YOUR ASSIGNMENT
I'd like the data beneath this line reproduced exactly, without any of its images.

[Short descriptive text snippets]

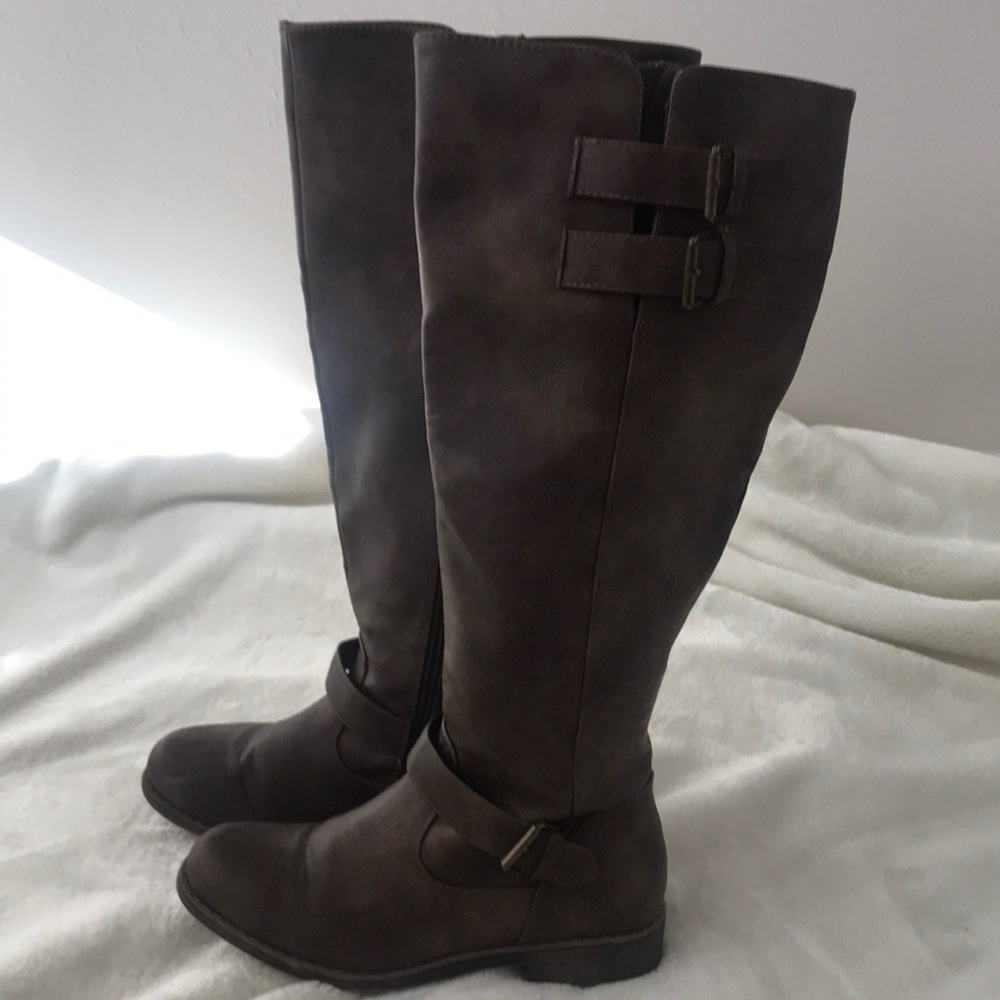 BROWN RIDING BOOTS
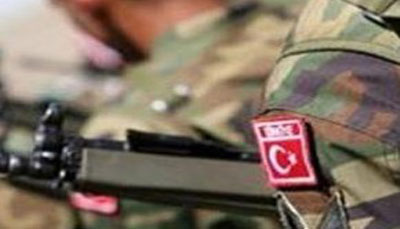 Türk sərhədçi 3 hərbçini güllələdi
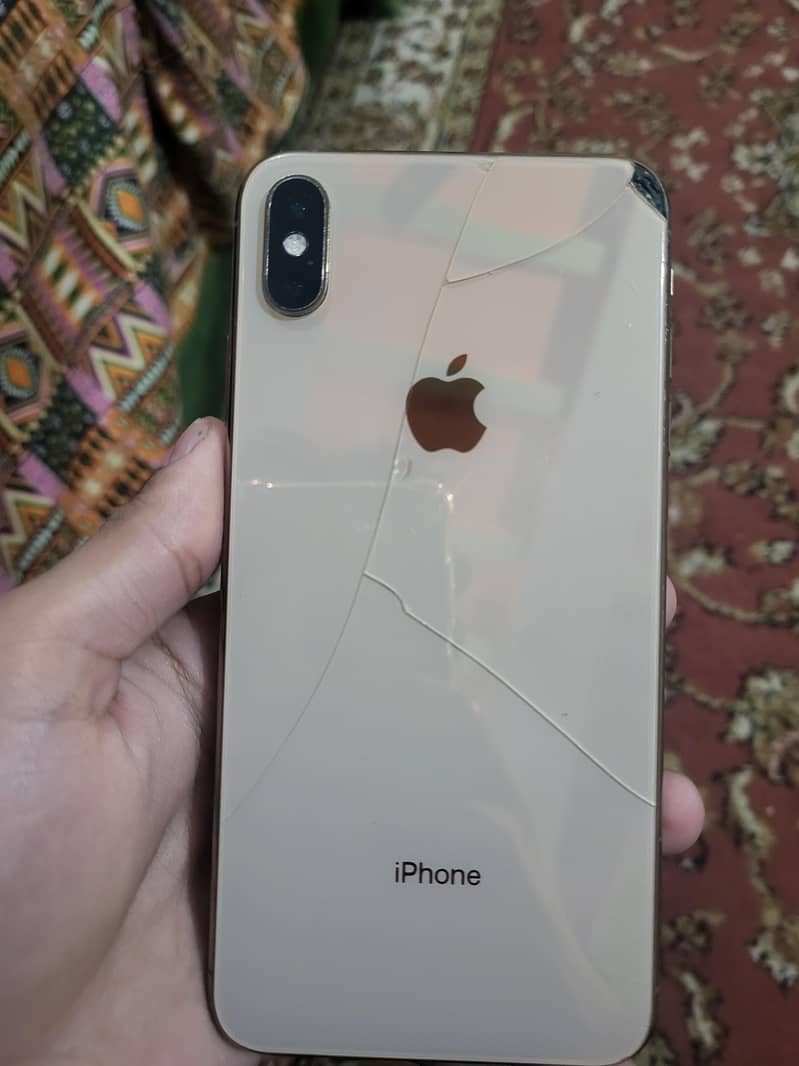 iPhone XS Max 0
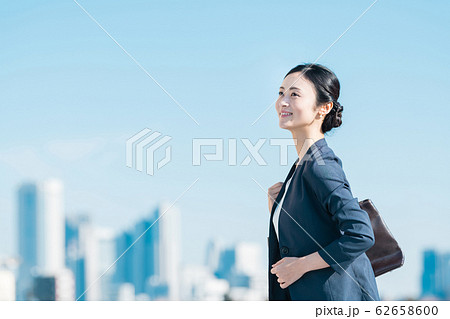 ビジネスシーン　女性 62658600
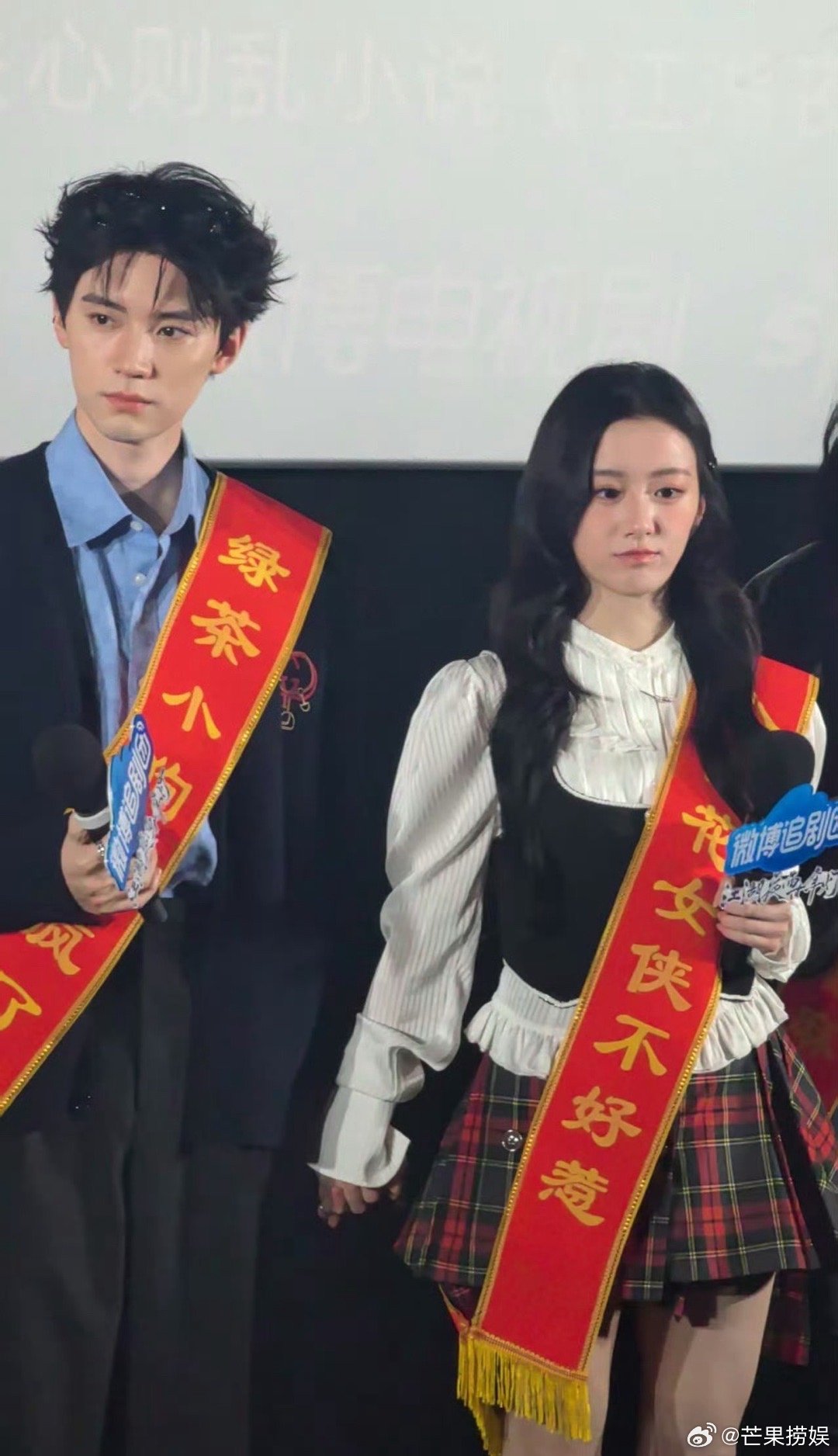 周翊然剧宣生图怼脸状态好帅啊我的妈呀 这个状态太好了周翊然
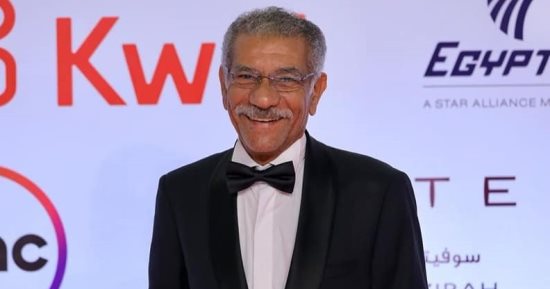 سيد رجب ضيف شرف فيلم "مقسوم" مع ليلى علوى وشيرين رضا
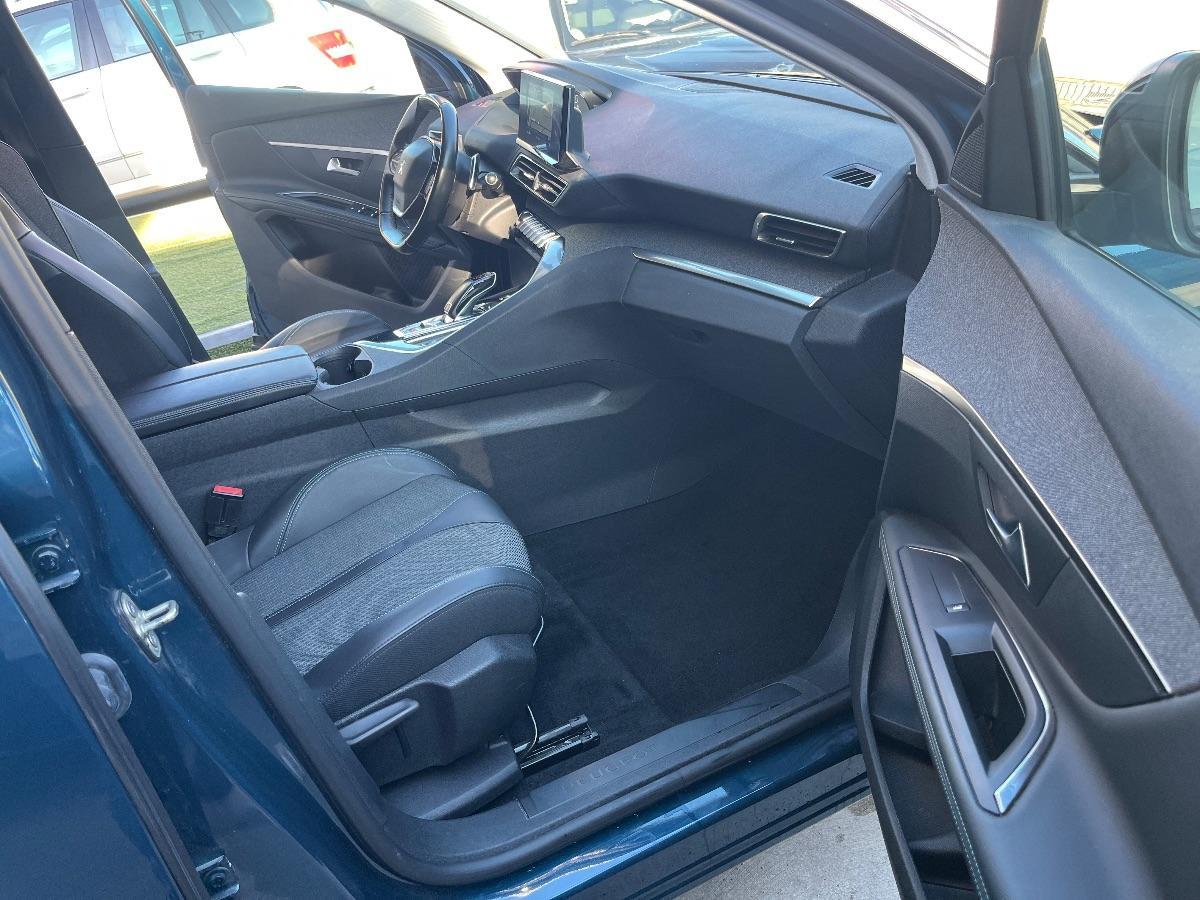 PEUGEOT 3008 BlueHDi 130 EAT8 ALLURE 64.000 KM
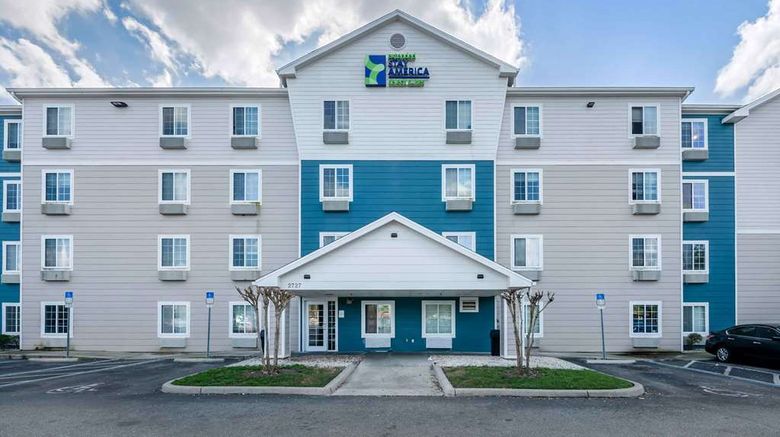 Extended Stay America Select Orlando Apt Exterior. Images powered by <a href="https://iceportal.shijigroup.com" target="_blank" rel="noopener">Ice Portal</a>.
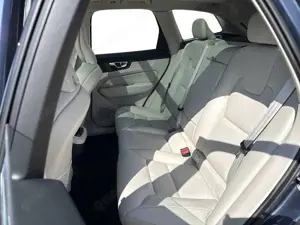 Volvo XC60 Diesel B5 D AWD Ultimate Bright Bild 5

REPLY
 BROWN RIDING BOOTS
 Türk sərhədçi 3 hərbçini güllələdi
 iPhone XS Max 0
 ビジネスシーン　女性 62658600
 周翊然剧宣生图怼脸状态好帅啊我的妈呀 这个状态太好了周翊然
 سيد رجب ضيف شرف فيلم "مقسوم" مع ليلى علوى وشيرين رضا
 PEUGEOT 3008 BlueHDi 130 EAT8 ALLURE 64.000 KM
 Extended Stay America Select Orlando Apt Exterior. Images powered by <a href="https://iceportal.shijigroup.com" target="_blank" rel="noopener">Ice Portal</a>.
 Volvo XC60 Diesel B5 D AWD Ultimate Bright Bild 5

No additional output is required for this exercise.